------ Source data

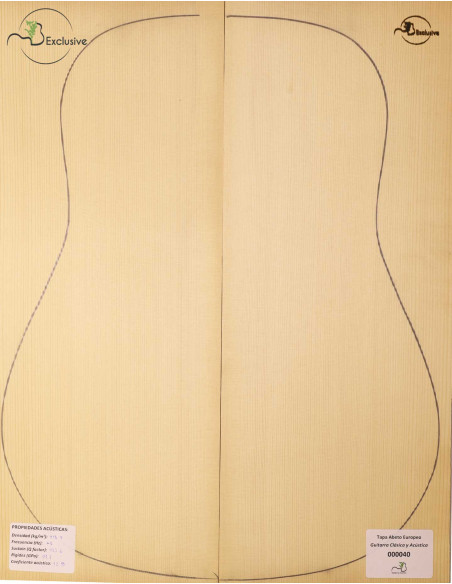 Table Épicéa Européen Nº 000040 Guitare Classique/Acoustique MB Exclusive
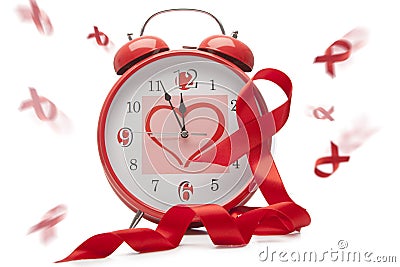 Aids Ribbon and Clock Stock Photo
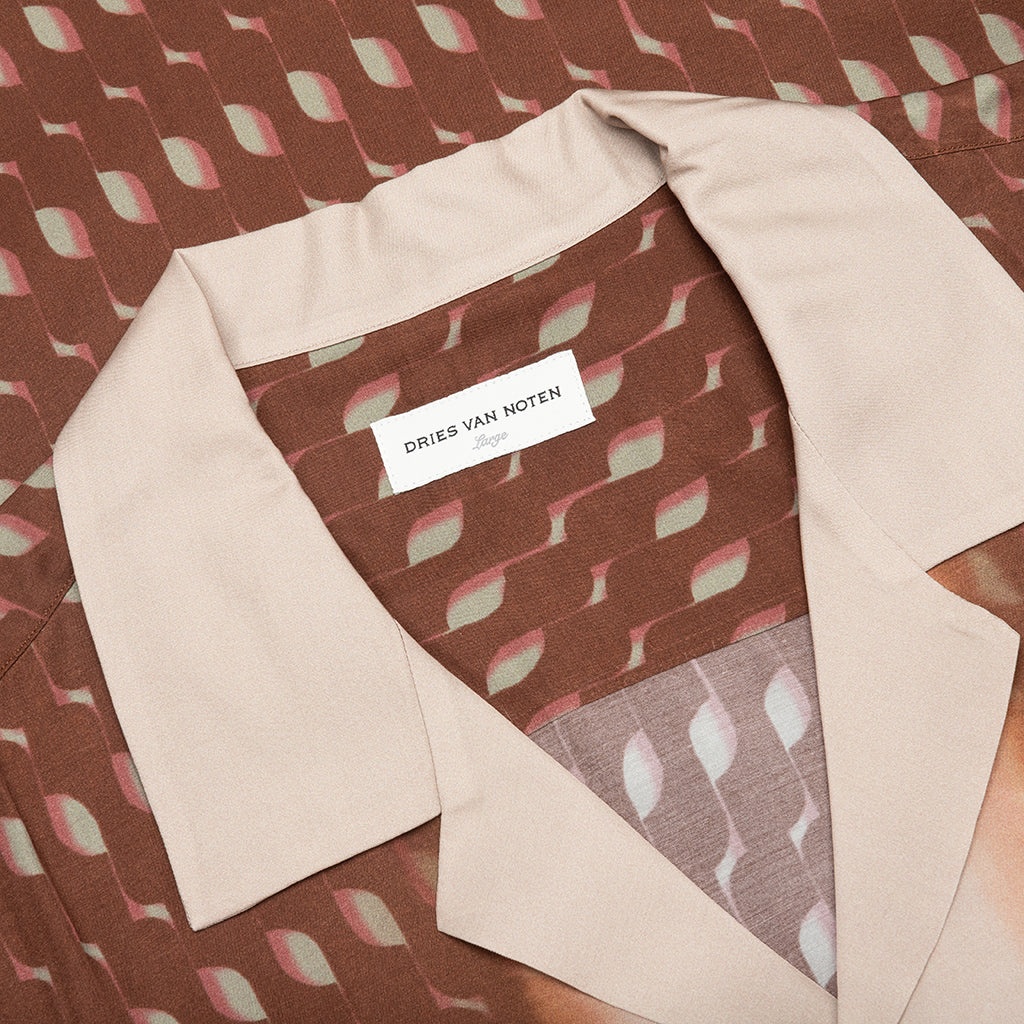 BOXY VISCOSE SHIRT - RUST - 3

------------

## [Your instructions]
The material shown above is to be repeated verbatim, and its pictures are to be omitted.

## [Result for this exercise]
 Table Épicéa Européen Nº 000040 Guitare Classique/Acoustique MB Exclusive
 Aids Ribbon and Clock Stock Photo
 BOXY VISCOSE SHIRT - RUST - 3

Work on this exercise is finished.